The captain, who was form Norfolk, suffered a stroke and became lame, so we went to Norfolk to drop him off before we went to Baltimore. We spent two days anchored at Norfolk, where for the first time we saw black people.
When we reached Baltimore we were in bad shape, especially the poor little children. I have never in my life seen children who looked so awful as these did-it made you shudder to see them. The authorities would not let us land in Baltimore but we were taken by flatboat a mile from the city and put ashore under God's free sky so that on the 27th of June towards evening we knew we were going to have the pleasure of spending our first night in free America sleeping in God's free world.

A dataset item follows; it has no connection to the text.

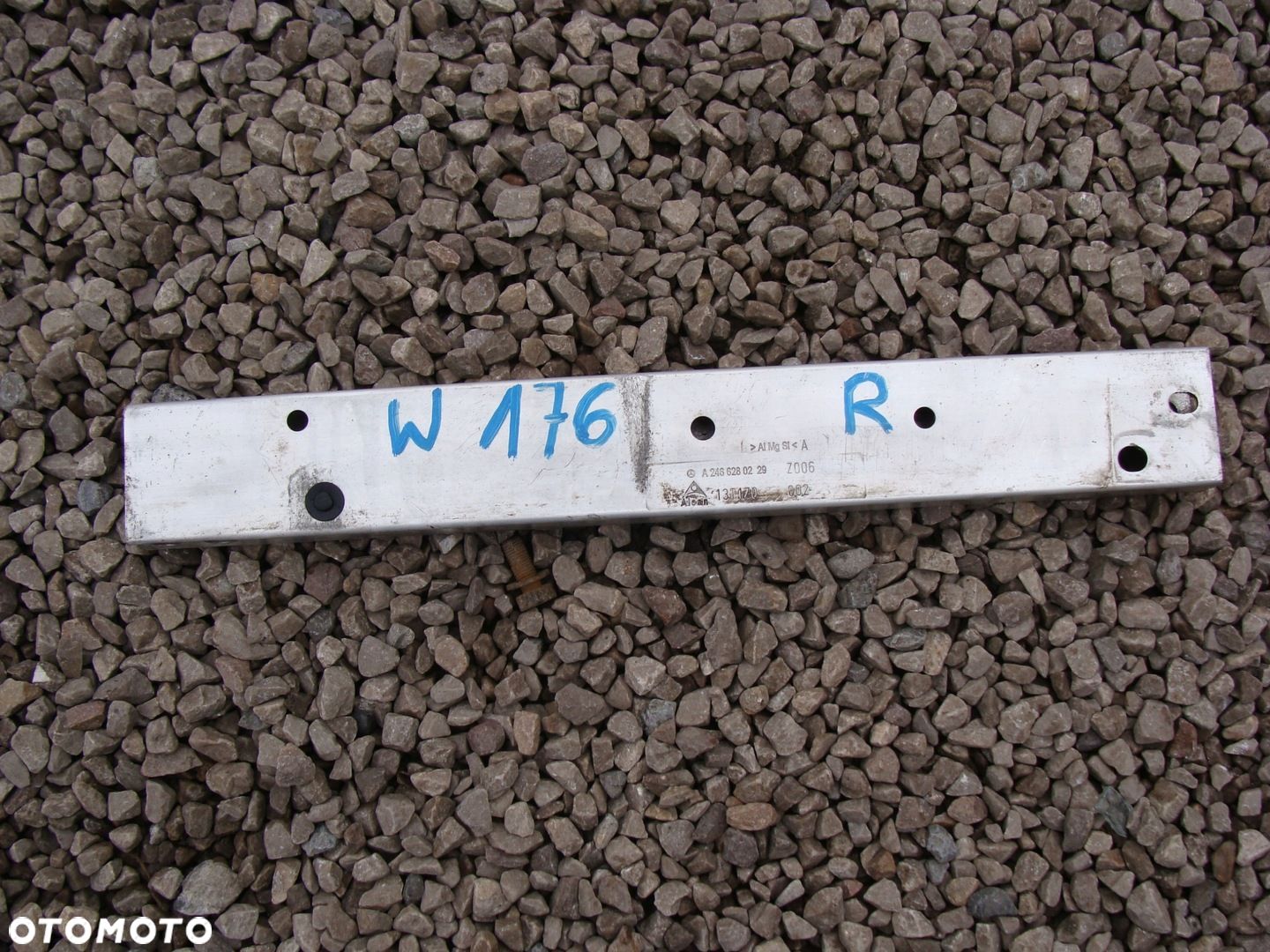 WZMOCNIENIE STREFA ZGNIOTU PRAWA A-KLASA W176 W246 A2466280229 - 1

I'll pause now to tell you the story of a good deed. As we were coming ashore we noticed a few cattle. We had some resolute young women on the ship and two of them set off to obtain what would add to the skin and bones of our poor children-namely milk. It didn't take long for them to reach the herd and start to work. They were astonished to find the cows so different from in Europe, as no matter how hard they tried they could get no milk from the third one. It was a bull! One of those young women is dead now. The other lives in Sidney, Ohio.
On the 28th we continued our travel westwards, making a very difficult trip over the Allegheny Mountains which took 18 days. After that we split up and went different directions. Lang, Hoffman, and many others went to Tiffin, Ohio. Maurer, Paul and Stein stayed with our group. Paul hurried ahead of us to Cincinnati where he found a black man who spoke German and would transport some of our luggage free. However, when we reached Cincinnati, he said differently and wanted us to pay $2.15 for each hundred pounds. Cincinnati was then still a small city, not yet having earned the name, “The Paris of America.”

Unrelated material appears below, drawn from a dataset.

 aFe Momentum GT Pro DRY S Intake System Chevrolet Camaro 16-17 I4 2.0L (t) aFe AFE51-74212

We rested there a few days and then went on to Hamilton, where we settled our families and set out to buy land. Our trip from there went via Dayton to Piqua. Here we heard that two German settlements were to be laid out. Next we went nine miles further through a thick forest to Fort Laramie (Ohio), passing an occasional blockhouse. Finally we came to a blockhouse on which there was a long sign pointing east. The sign was in bad shape and at first we couldn't make out the letters, but finally we read “Stallotown.”
This town had been laid out in 1832 by a man named Stallow. If I remember correctly, he was the uncle of the present Judge Stallo of Cincinnati. He died, I'm sorry to say, of cholera in 1833, before his plan for development was carried out.

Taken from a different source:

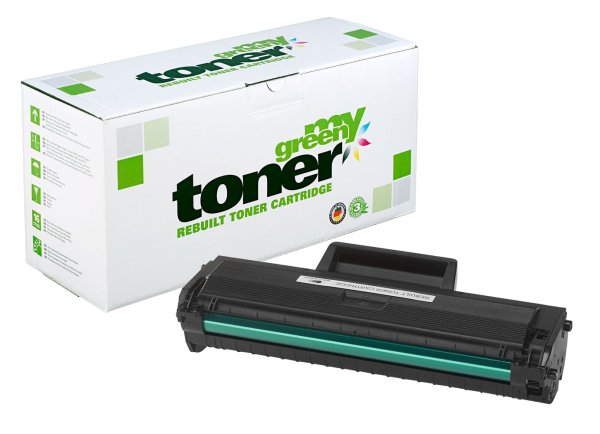 my green toner (schwarz) ersetzt HP 106A (W1106A)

We marched on to new Bremen. We found it in no better shape than Stallotown, a pair of shabby blockhouses being the only signs of anything but wilderness. All around there was Federal land available at $1.25 per acre. We determined finally to settle here because the land pleased us. We hurried to Wapokoneta and each of us bought as much land as he could afford. Maurer bought 960 acres.
Now we returned to Hamilton where we picked up our families and brought them to their new homesites in New Bremen, which took until August of the year 1833.
Bremen had been laid out the year before by a man named Schroeder who was originally from Bremen, Germany. He suffered the same fate as Stallo, dying before his town was settled. In 1833 Jacob Maurer also died of the cholera, which was a hard blow to our little group.
Our founding fathers of that time have all left this temporal blessing. May the earth rest lightly on their bones."